From the entries below, transcribe exactly the lines between the line holding "Tänderna är en del av kroppen" and the line holding "若ハゲを放置するとどうなるのか", inclusive; skip all other lines.
#### LISTED RECORDS ####
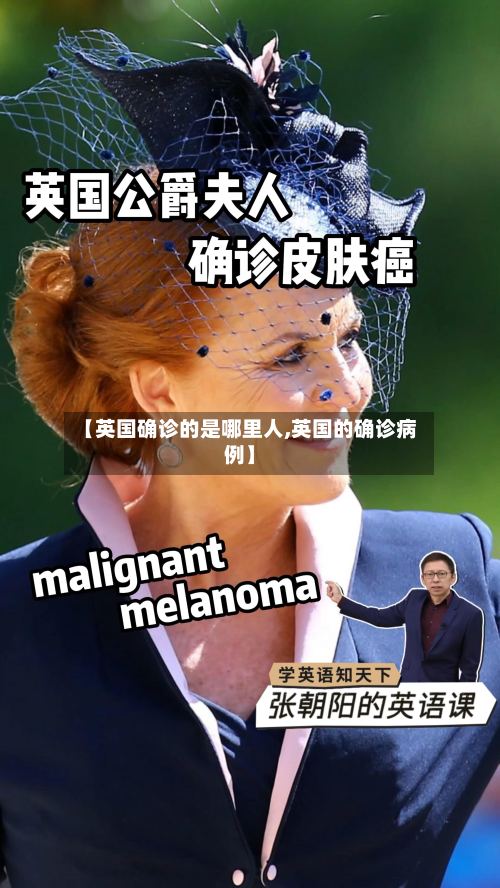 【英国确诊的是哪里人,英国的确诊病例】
####
#### LISTED RECORDS ####
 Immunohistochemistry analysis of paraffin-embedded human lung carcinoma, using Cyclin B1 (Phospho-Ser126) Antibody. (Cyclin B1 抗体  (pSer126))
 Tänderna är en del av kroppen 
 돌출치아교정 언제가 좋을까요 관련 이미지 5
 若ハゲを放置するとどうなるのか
####
#### LISTED RECORDS ####
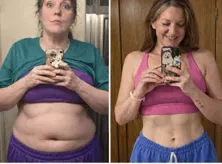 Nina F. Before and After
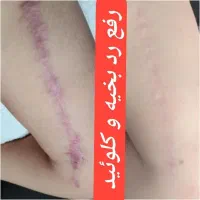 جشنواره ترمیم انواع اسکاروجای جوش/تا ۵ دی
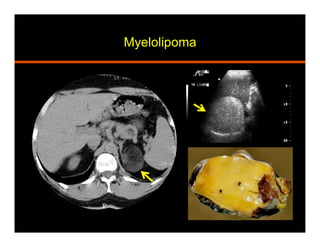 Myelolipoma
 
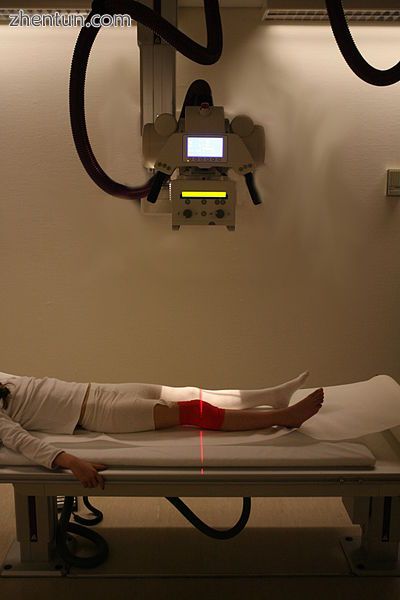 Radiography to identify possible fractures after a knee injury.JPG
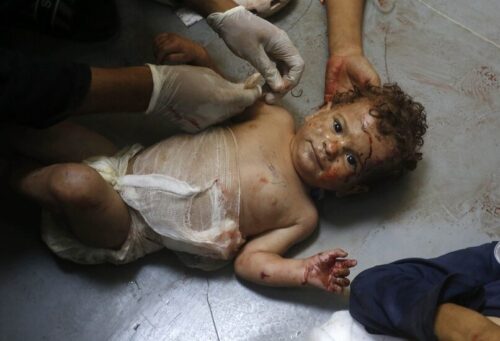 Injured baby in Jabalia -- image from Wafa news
####
**SOLUTION TO THIS PROBLEM**
 Tänderna är en del av kroppen 
 돌출치아교정 언제가 좋을까요 관련 이미지 5
 若ハゲを放置するとどうなるのか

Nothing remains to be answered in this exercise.